Isolation is a key challenge for large clusters. It is very important to ensure that abnormal traffic of service A does not affect service B. Otherwise, users may reject the large cluster mode. Ali HBase introduces the group concept, whose core concepts are shared storage and isolated computing

As shown in the preceding figure, a cluster is divided into multiple groups. Each group contains at least one server. A server can belong to only one group at a time, but servers can be moved between groups. A table can be deployed on only one group and can be moved to other groups. RegionServer that read and write data to table T1 and That read and write data to table T2 are completely isolated, so the CPU and memory are physically isolated. However, the HDFS file system used by the underlying layer is shared. Therefore, multiple services can share a large storage pool to improve storage utilization. The open source community introduced the RegionServerGroup on HBase2.0.

Impact of bad disk on shared storage: Due to the characteristics of HDFS mechanism, each Block is written to randomly select three nodes as pipelines. If a bad disk appears in a machine, the bad disk may appear in multiple pipelines, resulting in single point of failure global jitter. In the real scene is a bad plate, at the same time affecting dozens of customers to send information to call you! In particular, if a slow disk or bad disk is not handled in a timely manner, data writes may be blocked. At present, Alibaba HBase has more than 10,000 machines, and about 22 disk failures occur every week. We have done two things to solve this problem. The first is to shorten the impact time, monitor and alarm slow disks and bad disks, and provide an automatic processing platform. The second method is to avoid the impact of single point of failure on the system. When writing HDFS, write three copies concurrently. If two copies succeed, the two copies are considered successful. In addition, if the system finds a WAL exception (the number of copies is less than 3), it will automatically scroll to generate a new log file (re-select pipeline, most likely to avoid bad points).

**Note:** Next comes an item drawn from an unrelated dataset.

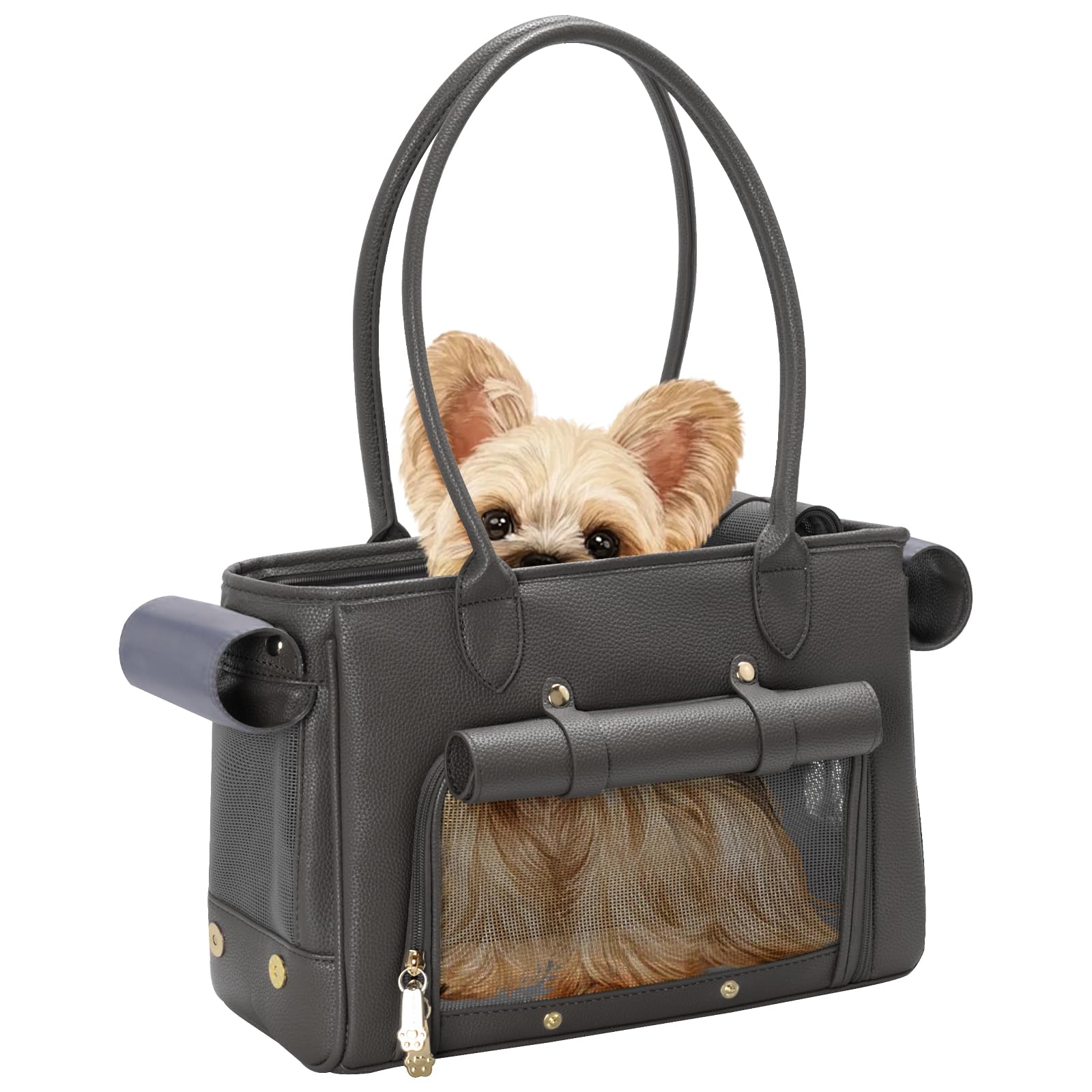 Minsong Fashion Pet Carrier Purse for Small Cat and Dog, Luxury Pu Soft-Sided Tote Bag with Large Pockets for Dogs and Puppies (Black, 13.6" L x 6" W x 10.0" H) — image 1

Finally, HDFS itself has the ability to identify bad disks and automatically cull them in advanced versions.

Impact of client connection on Zookeeper: WHEN a client accesses hbase, a long-term connection is established between Zookeeper and Hbase RegionServer. A large cluster means a large number of services and client links. If an exception occurs, too many client links affect the heartbeat communication between RegionServer and Zookeeper, causing the RegionServer to break down. We first limit the number of links to a single IP address, and then provide a solution to separate client and server links hbase-20159

MTTF&MTTR

Stability is the lifeline. With the development of Alibaba services, HBase supports more online scenarios and has higher requirements for stability year by year. Common measures of system reliability are MTTF (mean time to failure) and MTTR (Mean time to recovery)

MTTF (Mean Time to Failure)

The sources of system failure are as follows: Hardware failure, such as bad disk, network card damage, machine downtime and other defects, generally refers to the bug of the program itself or performance bottleneck operation and maintenance failure, fault service overload caused by unreasonable operation, burst hot spots, oversized objects, request dependence failure of filtering a large amount of data. The DEPENDENT HDFS and Zookeeper components are unavailable, causing the HBase process to exit

Here are some typical stability problems encountered by ali Cloud HBase: (Note: The problems of slow disks and bad disks have been mentioned in the section of Large cluster and will not be repeated here)

Periodic FGC causes the process to exit

While supporting cainiao’s logistics detail business, we found that the machine is abort about every two months because memory fragmentation causes Promotion Fail, which in turn causes FGC. Due to the large memory size, the pause time of an FGC exceeded the heartbeat with Zookeeper, resulting in ZK Session expired and HBase process suicide. We identified the problem as caused by BlockCache. Due to the existence of encoding compression, block sizes in memory are inconsistent, and the in-and-out behavior of cache will gradually cut memory into very small fragments. We developed BucketCache, which solved the memory fragmentation problem, and further developed SharedBucketCache, which made the objects deserialized from BlockCache can be shared reuse, reducing the creation of runtime objects, thus completely solving the FGC problem.

Failed to write HDFS, causing the process to exit. Procedure

HBase relies on two external components, Zookeeper and HDFS. Zookeeper is highly available by architecture design, and HDFS supports HA deployment mode. Pitfalls arise when we assume that a component is reliable and then write code based on that assumption. Because this “reliable” component fails, HBase is very violent in handling such exceptions, committing suicide immediately (because something impossible has happened) in the hope of recovery through Failover. Sometimes, the HDFS is temporarily unavailable. For example, some blocks are not reported and enter the protected mode, or the network jitter is transient. If the HBase restarts on a large scale, the impact of 10 minutes will be extended to hours. Our solution to this problem is to optimize exception handling, handle the problems that can be avoided directly, and retry & wait the exceptions that cannot be avoided.

Concurrent large queries cause machine downtime

HBase large query refers to Scan with Filter, which reads and filters a large number of data blocks on the RegionServer. If the read data is often not in the cache, it is easy to cause I/O overload; If most of the read data is in the cache, it is easy to overload the CPU due to decompression, serialization, etc. In short, when dozens of these large requests are executed concurrently on the server, the load on the server can soar rapidly and the system can slow down or even appear to be stuck. Here, we developed the monitoring and limitation of large requests. When a request consumes more than a certain threshold, it will be marked as a large request and logged. There is an upper limit to the number of concurrent large requests a server can allow, and if this limit is exceeded, subsequent large requests will be limited. If a request has been running on the server for a long time, but the client has determined that it has timed out, the system will interrupt the large request. The launch of this function solved the performance jitter problem caused by hot spot query in alipay billing system.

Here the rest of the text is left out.